Latest revision as of 14:25, 25 July 2012

UKI-SOUTHGRID-BHAM-HEP

Topic: HEPSPEC06


Correct as of April, 2012

UKI-SOUTHGRID-BHAM-HEP
Processor+cores OS Kernel Kernel 32/64 Compile 32/64 mem gcc Total Per Core Notes
Dual Xeon 2.0GHz SL4.5 2.6.9-78.0.1.ELsmp 32 32 1GB 6.65 3.325
Dual Xeon 3.0GHz SL4.5 2.6.9-78.0.8.ELsmp 32 32 2GB 10.1 5.05
Dual 4-core Xeon E5450 3.0GHz SL4.6 2.6.9-78.0.22.ELsmp 32 32 16GB 72.8 9.1
Dual 4-core Xeon E5450 3.0GHz SL5.4 2.6.18-164.11.1.el5 64 32 16GB 4.1.2 76.88 9.61
Dual 2-core AMD2218 2.6GHz SL4.7 2.6.18-92.1.13.el5 64 32 8GB 31.24 7.81
Four 12-core AMD6234 SL5.8 2.6.18-308.4.1.el5 64 32 96GB 4.1.2 368.64 7.68 Turbo disabled
Four 12-core AMD6234 SL5.8 2.6.18-308.4.1.el5 64 64 96GB 4.1.2 453.6 9.45 Turbo disabled,64-bit


Topic: Middleware_transition


  • An overhaul is pending in the following weeks (9/11 - 10/11) where we hope to shift all service nodes to a new set of hardware and retire the LCG CEs


  • All nodes are on SL5 (.4 or .5) except the LCG-CEs which are SL4.


gLite3.2/EMI


ARGUS : gLite 3.2

BDII_site : gLite 3.2

CE (CREAM) : 2 x gLite 3.2

CE (LCG) : 2 x gLite 3.1

glexec : gLite 3.2

SE : gLite 3.2, DPM 1.8

UI : gLite 3.2

WMS (No WMS) : N/A

WN : gLite 3.2

Comments


  • This is probably available somewhere and I just don't know, but a comprehensive, one stop guide for versions of software that should running and also expected loads/requirements would be *very* useful!

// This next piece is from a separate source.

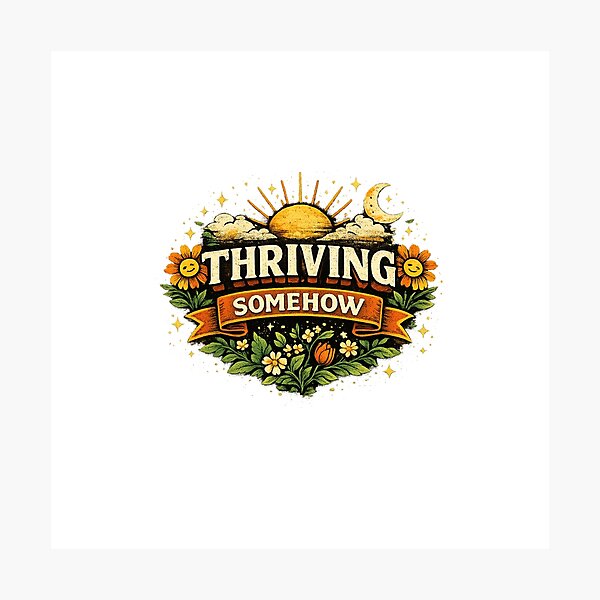 Item preview, “Thriving Somehow” designed and sold by PeterPunkt.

Topic: Protected_Site_networking


  • Local cluster is on a well defined subnet.
  • The shared cluster is also on a subnet, however, this subnet also contains other parts of the cluster
  • Connection to JANET via the main University hub.
  • Use Ganglia for the majority of online network monitoring.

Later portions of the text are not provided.